There is substantial case law that authority to tax costs against the United States should be carefully considered pursuant to statutory authority. See e.g. Georg Jensen, Inc. v. U.S., 185 F.Supp. 251 (S.D.N.Y. 1960); Aycrigg v. U.S., 124 F.Supp. 416 (N.D.Cal.1954). The court has wide discretion in determining which items come within 28 U.S.C. § 1920. See e.g. U.S. v. Ernst and Whinney, 557 F.Supp. 1152 (N.D.Ga. 1983). This trend toward giving more discretion to the court to determine an award of costs suggests that the costs listed in section 1920 are not the exclusive costs that may be awarded. The legislative history of § 2412(a) shows that the purpose of the provisions is to place the United States in the same position as an ordinary citizen in terms of paying appropriate costs. See National Organization for Reform of Marijuana Laws v. Mullen, 828 F.2d 536 (9th Cir.1987). Given this liberal interpretation, it is possible to tax the costs of a receivership against the government.
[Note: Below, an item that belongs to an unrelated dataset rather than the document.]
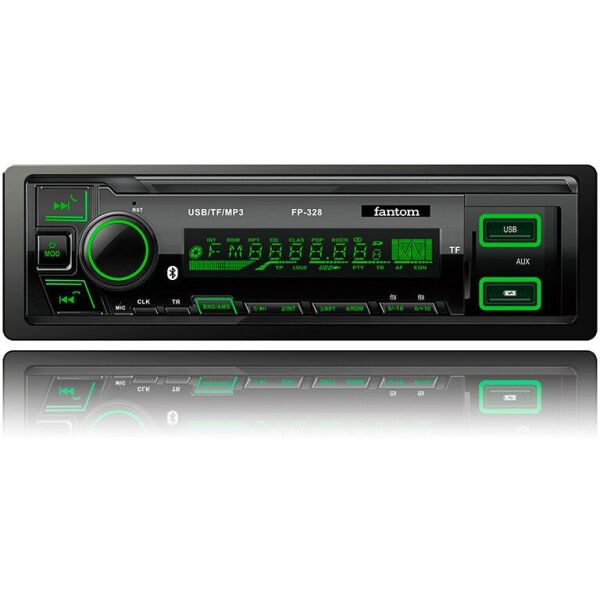 

1Din магнитола Fantom FP-328 Black/Multicolor (W7549)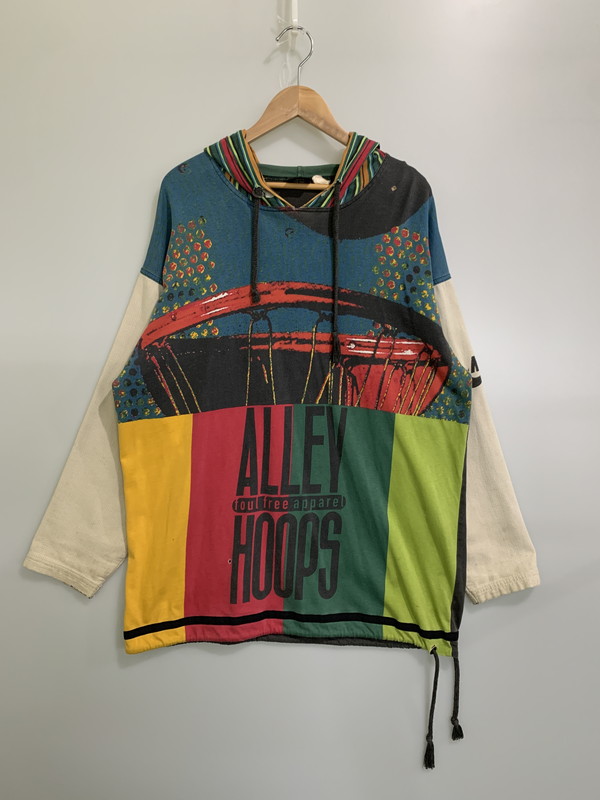 【現状渡し品】【メンズ】 NIKE ナイキ 1994 ALLEY HOOP HOODIE フーディ トップス 146-250927-ks-52-min カラー：マルチカラー 万代Net店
However, this court feels that it is unnecessary to reach that question given the circumstances in this particular case. This court, having held the evidentiary hearing and having made the report and recommendation which led to the order of the District *168Court denying the relief sought by the plaintiff, is of the opinion that the position of the United States was not substantially justified and further that there were no special circumstances so as to prevent awarding to the prevailing party “fees and other expenses, in addition to any costs awarded pursuant to subsection (a)” 28 U.S.C. 2412(d)(1)(A).1

While there are listed examples of what constitutes “other expenses” under § 2412(d)(2)(A), our own Eleventh Circuit Court of Appeals has disagreed with the government's argument that these terms must be given limited construction. In fact, the court has found that the items listed under “other expenses” are nothing more than examples of same. See Jean v. Nelson, 863 F.2d 759, 777 (11th Cir.1988). It is the opinion of this court that the receiver’s costs would come within the definition of “other expenses”, especially considering the circumstances of this case including, but not limited to, the fact that the plaintiff herein specifically requested the appointment of the receiver.

III. THE TAXATION OF THESE COSTS SHOULD BE WITHHELD

The last question is whether it would be appropriate to enter a money judgment at this time for those costs since the case is currently on appeal. The cases cited by the OTS, while not requiring withholding the taxation of costs pending disposition of appeal, do support the argument that withholding a cost judgment is the more practical method.

Therefore, while this court is of the opinion that the receiver’s fee may properly be taxed against the plaintiff herein, the defendant’s motion to tax costs is DENIED, without prejudice, pending resolution of the appeal.

DONE AND ORDERED.

. It should be noted while there are procedural requirements for filing claims, these procedural requirements have been complied with by the defendants. See 28 U.S.C. 2412(d)(1)(B).